Congress recognizes Juneteenth amid the “great resignation” migration: The path from anxiety and stress to lasting peace
Let’s start with some good news out of Washington: Congress passed legislation last night to recognize Juneteenth as a federal holiday. The day commemorates the emancipation of slaves in the United States. Texas was the first state to observe Juneteenth as an official holiday; forty-six other states and the District of Columbia have followed suit.
It is noteworthy that the House passed the bill with strong bipartisan support (415–14) and that the Senate had passed it unanimously the day before.
In more good news, New York and California have lifted most of their pandemic restrictions. New York City is planning a parade on July 7 to honor frontline and essential workers; California Gov. Gavin Newsom called Tuesday “reopening day” for his state. Two of our most populous states are now aligning with many other states as the number of vaccinated people continues to grow.
The Israel parliament admits its first-ever deaf member
In a day as fractured and divisive as ours, steps toward unity and peace make headlines.
Shirley Pinto was sworn into the Knesset, becoming the first-ever deaf member of the Israeli parliament. However, hostilities began again with Hamas as incendiary balloons were launched into Israel, and Israel’s fighter jets struck Hamas compounds in response.
President Biden and Russian President Vladimir Putin held a polite summit yesterday in Geneva at what leaders agree is a “low point” in US-Russian relations. Twenty-eight Chinese military planes flew over Taiwan’s airspace Tuesday; the Chinese government claims that the island is a breakaway province. And Iran announced Tuesday that it has produced 6.5 kilograms of uranium enriched to 60 percent purity, moving ever closer to the nuclear weapons–grade level of 90 percent purity.
Negotiating on our political differences is obviously important, but treaties cannot change human hearts.
“Your team is more anxious than you think”
In other news, “the great resignation” migration is taking place as a record four million Americans quit their jobs in April. According to one analyst, “We basically burned out the global workforce over the last year. One of the ways people deal with burnout is by switching employers.”
And Forbes is reporting that “your team is more anxious than you think.” The article recommends that employers encourage their employees to be honest about their struggles, exhibit empathy and compassion, avoid “cowboy” culture that rewards hard-driving success at the expense of collaboration, share their own struggles, take steps to reduce employee uncertainty, and customize approaches to individual needs.
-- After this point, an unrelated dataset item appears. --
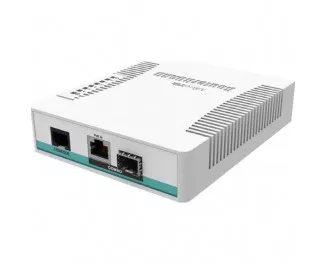 Коммутатор MikroTik CRS106-1C-5S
Like the lobster diver who was swallowed by a humpback whale (which fortunately spit him out), we can feel consumed by an adversarial culture. We can submerge our faces in ice-cold water to slow down our heart rate (a response known as the “diver’s reflex”), but we can’t live underwater. We can pay $28 million to ride into space next month alongside Jeff Bezos and his brother, but after ten minutes of “space tourism,” our flight will return to the planet we left.
“Yet I will rejoice in the Lord“
How, then, can we best navigate the anxieties and stresses of these days?
Habakkuk’s testimony is one of my favorite paragraphs in Scripture. It begins by describing dire circumstances: “Though the fig tree should not blossom, nor fruit be on the vines, the produce of the olive fail and the fields yield no food, the flock be cut off from the fold and there be no herd in the stalls” (Habakkuk 3:17).
In his day, this would mean the loss of every means of sustenance. But the prophet responded: “Yet I will rejoice in the Lord; I will take joy in the God of my salvation” (v. 18).
How can we experience the joy Habakkuk knew? By doing what he did.
Scripture testifies that “God is our refuge and strength, a very present help in trouble” (Psalm 46:1), but a refuge can help only those who choose its shelter. A house built upon the rock of God’s sovereignty and word will stand amid the storms (Matthew 7:24–25), but that rock can sustain only those who stand upon it.
Jesus warned us that prosperity can make us so self-reliant that we refuse the grace and provision of God (Matthew 19:24). As I noted yesterday, adversity can also lead us to question God’s love and depend on our capacities while ignoring his omnipotence.
When we are well, we don’t need a doctor; when we are sick, we blame the doctor.
Our ever more secularized culture is doing all it can to persuade us that either is an appropriate response to the good news and the bad news of our day.
“Here I have no continuing city”
Scottish minister John Baillie prayed: “Let me remember that my mortal body is only the servant of my immortal soul. Let me remember how uncertain my hold is on my own physical life. Let me remember that here I have no continuing city, but only a place for a brief stay and a time for testing and training.
“Let me understand the vanity of what is time bound and the glory of the eternal. Let my world be centered not in myself, but in you.”
In whom will your world be centered today?